There are 6,000 plus jobs available, and the town has 4,437 population. A good 60 percent of these jobs have been developed by businesses started in the last 40 years.
Let's start with Weathershield, which was started in the later 1950s by two brothers just out of school and looking for that first job.
This northern climate has cold winters, sometimes down to 30 degrees below zero, so they reasoned that many of the houses needed some type of storm doors and windows. They settled on aluminum storm windows and doors. This was a business where they could buy the raw materials, glass, aluminum extrusions and and build the windows to fit the job.
They started out soliciting orders from homeowners in the community and surrounding area, building the units in their father's garage, then installing them at the customer's place. This was a success for them, and they had an opportunity to expand in the interior wood sash and door business when a local wood products manufacturing company was available for purchase about seven years later. This business has been operating for 20 years and had a good sales record and customer base that provided great expansion for the entrepreneurs in the same market.
However, these two boys charged ahead with gusto and lots of guts. Over the years, the company grew and expanded; it markets products, doors, windows and accessories all over the world with annual revenues of more than $200 million.
A second business was started by two other brothers and their wives, a small country tavern called Tombstone Tap. To increase business they started making pizzas in the back room, which incidentally was the family kitchen - they lived in an apartment behind the tavern.

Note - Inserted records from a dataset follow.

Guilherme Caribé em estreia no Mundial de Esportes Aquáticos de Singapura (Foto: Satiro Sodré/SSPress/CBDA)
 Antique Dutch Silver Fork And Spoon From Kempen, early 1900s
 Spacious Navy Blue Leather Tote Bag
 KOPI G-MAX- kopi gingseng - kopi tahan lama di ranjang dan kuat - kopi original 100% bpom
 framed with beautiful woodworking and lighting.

They experimented with numerous recipes until they developed one that was the rave. In fact, other taverns in the area asked them to make pizzas for them to sell. This their new business venture, Tombstone Pizza, was started.

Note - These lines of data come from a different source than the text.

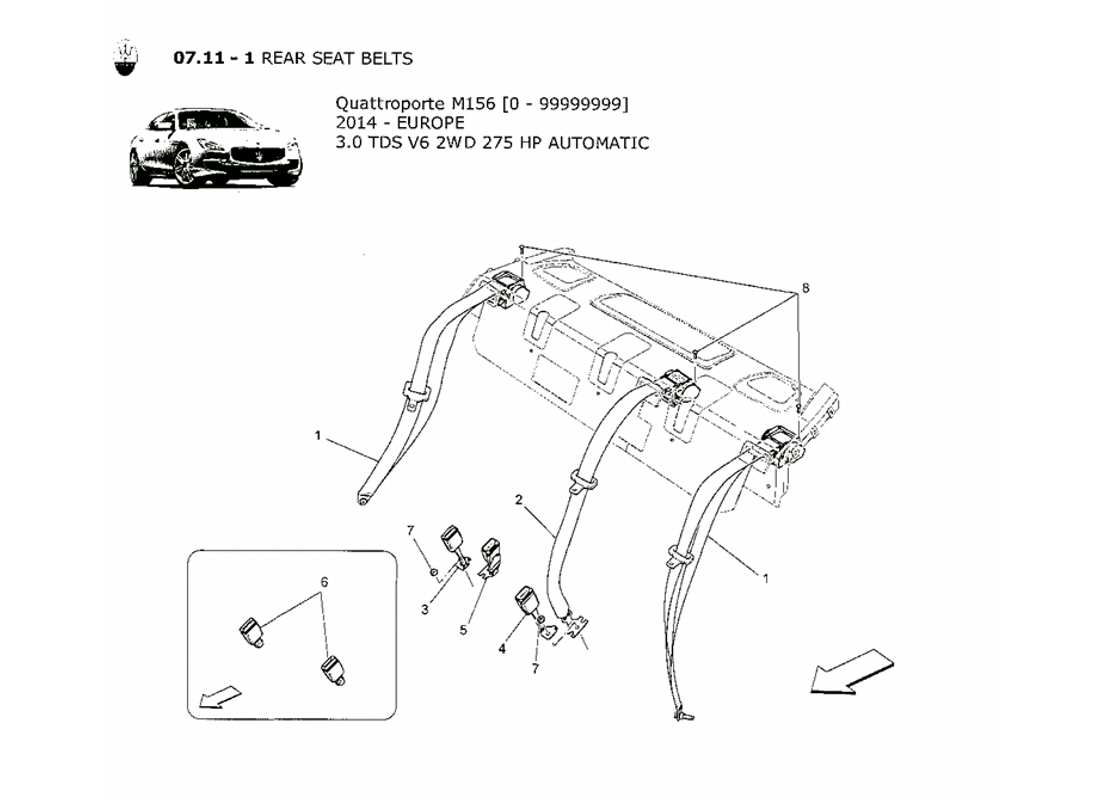 a part diagram from the maserati qtp. v6 3.0 tds 275bhp 2014 parts catalogue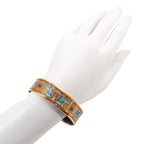 Hermes Enamel GM Bangle Bracelet Mustard Multicolor Gold Elephant — view 7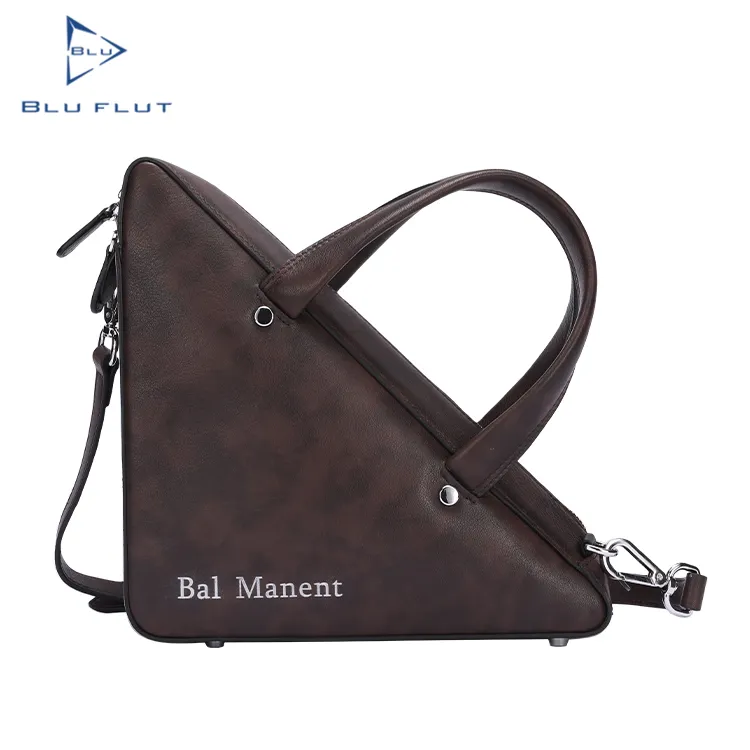 Blu Flut tam tahıl deri kadın çanta özel tasarım üçgen tote bayanlar omuz çantaları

They added warming ovens for the pizzas they sold, refrigerated trucks for delivery and eventually the hiring of route salespeople, regional managers and additional remote plants.

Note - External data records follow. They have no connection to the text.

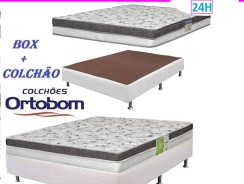 Cama Box Casal (Box + Colchão) Ortobom Mola – 44cm de Altura Physical Luna Silver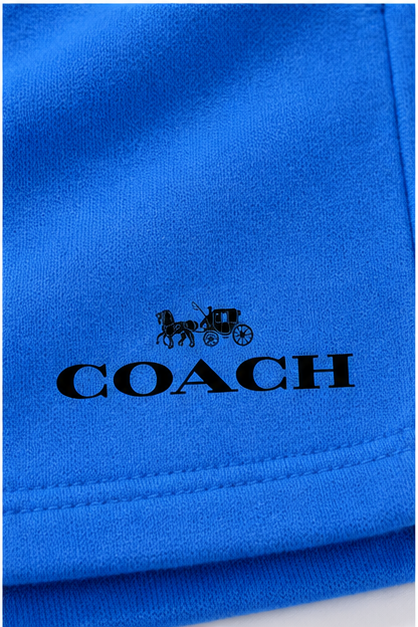 Men's Coach Athletic Fleece Shorts | Color: Azure | Image 5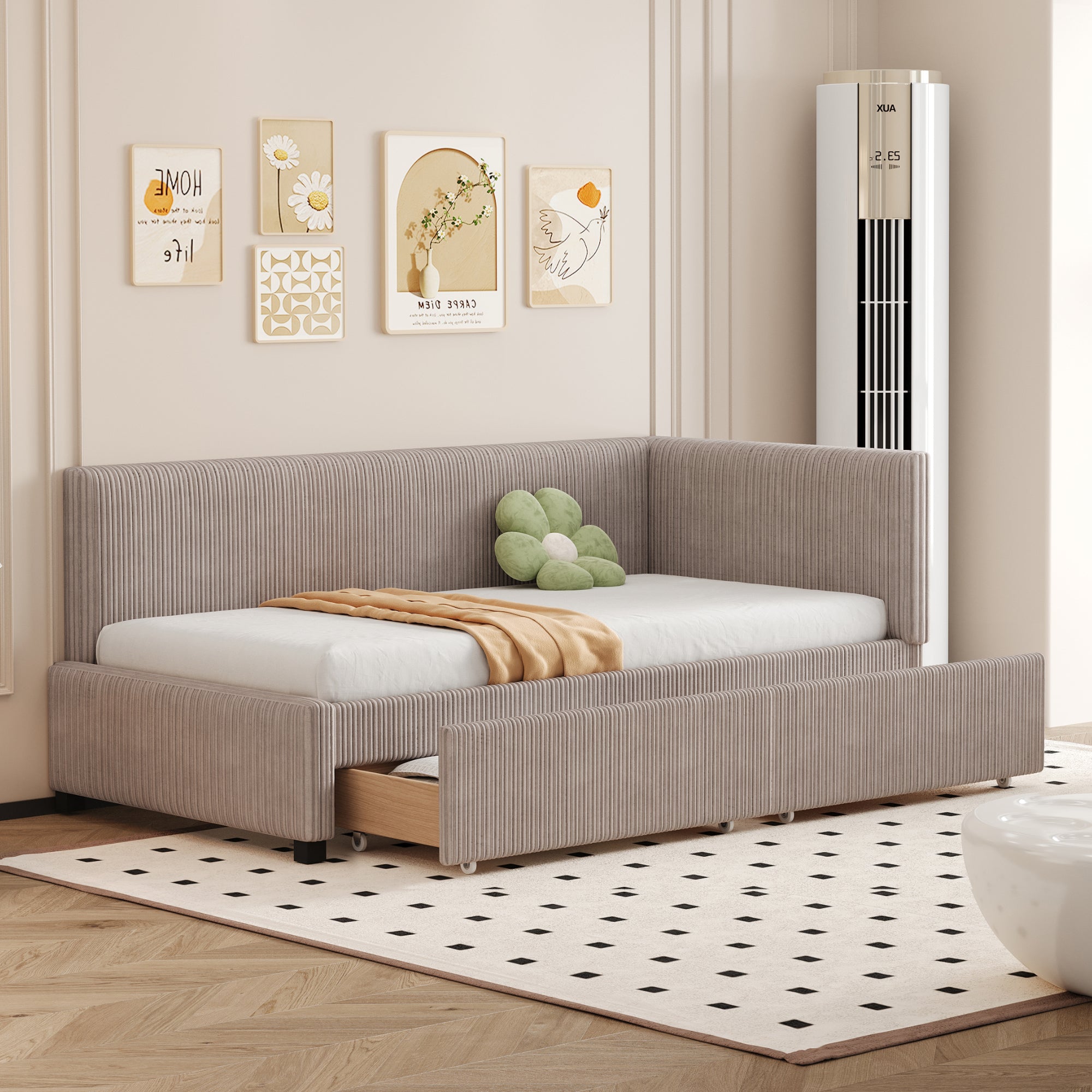 Upholstered Bed Sofa, 90x200 Multifunctional with 2 Storage Drawers, Gray Velvet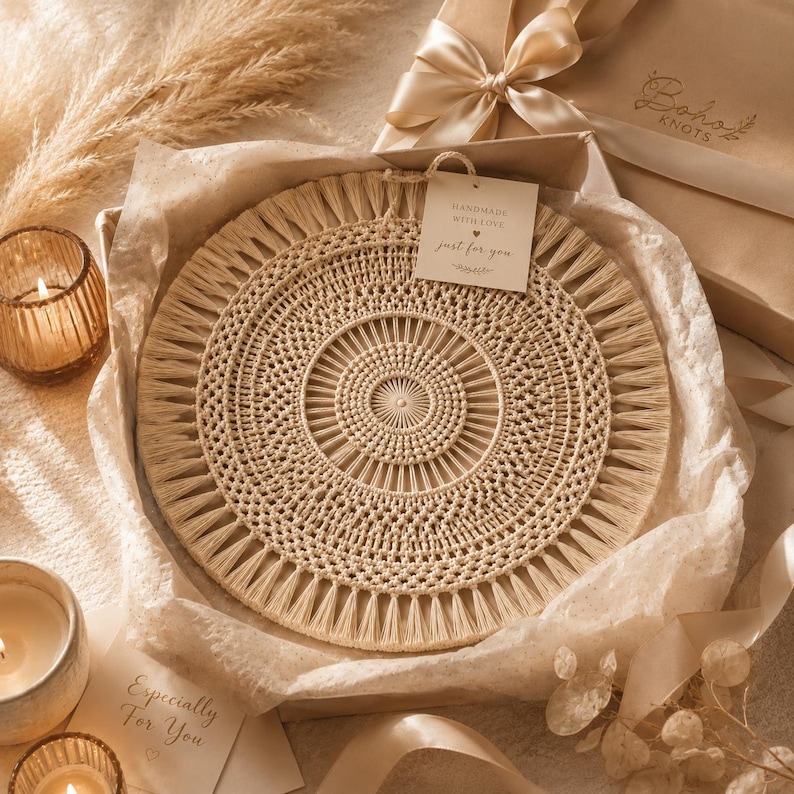 May include: A round, cream-colored macrame wall hanging with intricate knotted patterns and a fringed edge. A square tag attached to the top reads "HANDMADE WITH LOVE just for you". The item is nestled in tissue paper inside a gift box with a ribbon.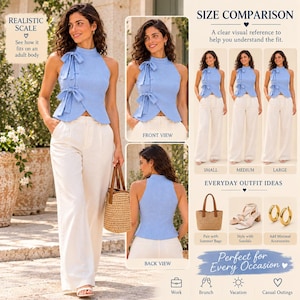Puede incluir: Una blusa azul claro sin mangas con cuello alto y dos lazos decorativos en el lado derecho, combinada con pantalones blancos de pierna ancha. La imagen incluye etiquetas de texto para comparación de tallas, ideas de conjuntos e iconos.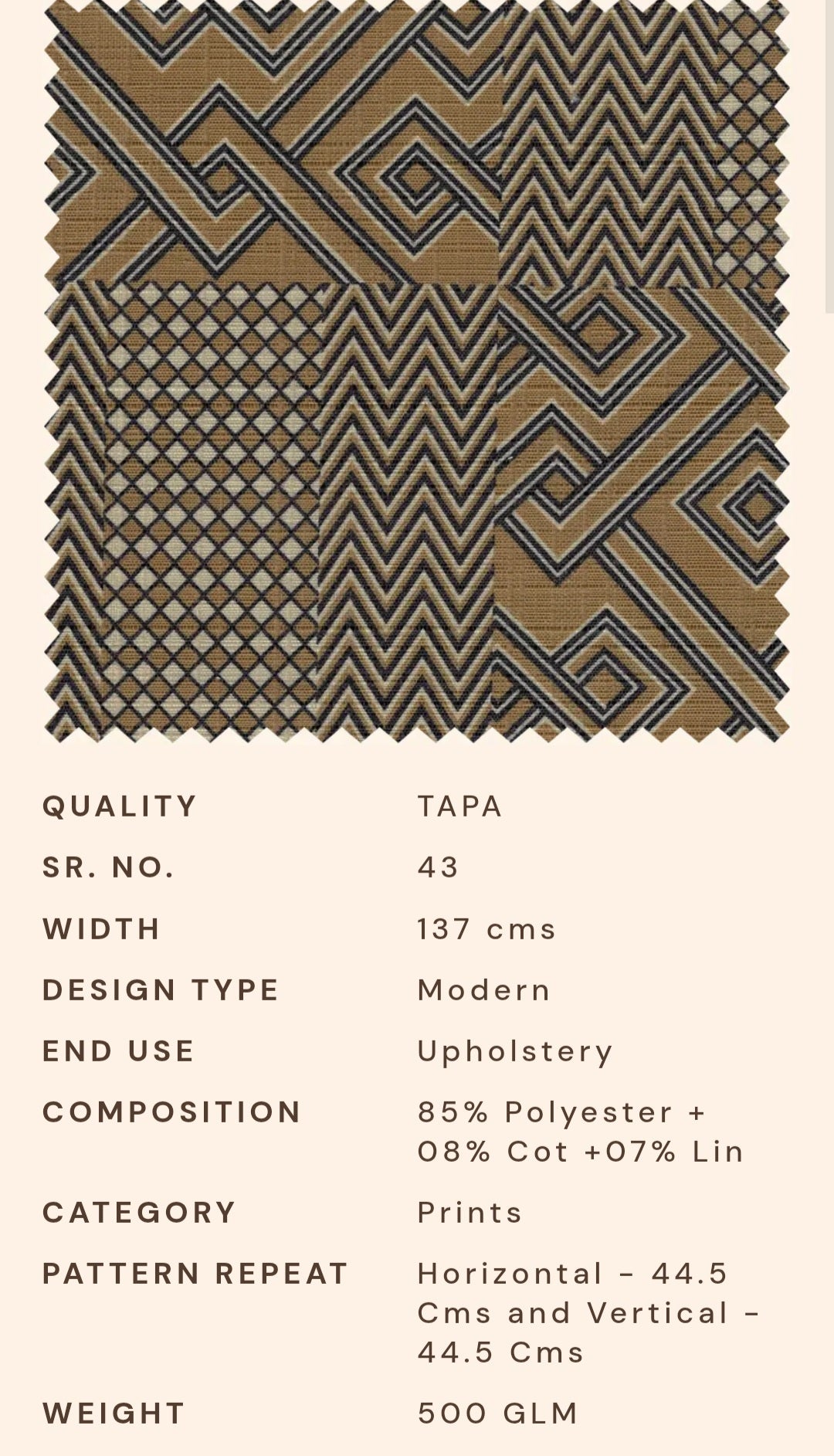 Upholstery fabrics -Tapa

They sold the business to Kraft Foods some years ago after developing sales in excess of $175 million annually.
As a result of these two major players, smaller firms have been started that supply materials and services to support the production of these and other local companies.
Medford may look unique, but as I travel around the United States, I find similar examples. The opportunities are there. All it takes is a couple of people with an idea and the guts to act on it. So go with it, just be prepared to make the investment in long hours, seemingly endless search for financing, little leisure time, no vacations and reduced family life to secure that success.
Bill Bryan is a counselor with the Service Corps of Retired Executives. SCORE offers counseling, workshops and seminars on small business operations. You can reach Bryan through SCORE, 515 N Court St. 815-962-0122, for information and appointments.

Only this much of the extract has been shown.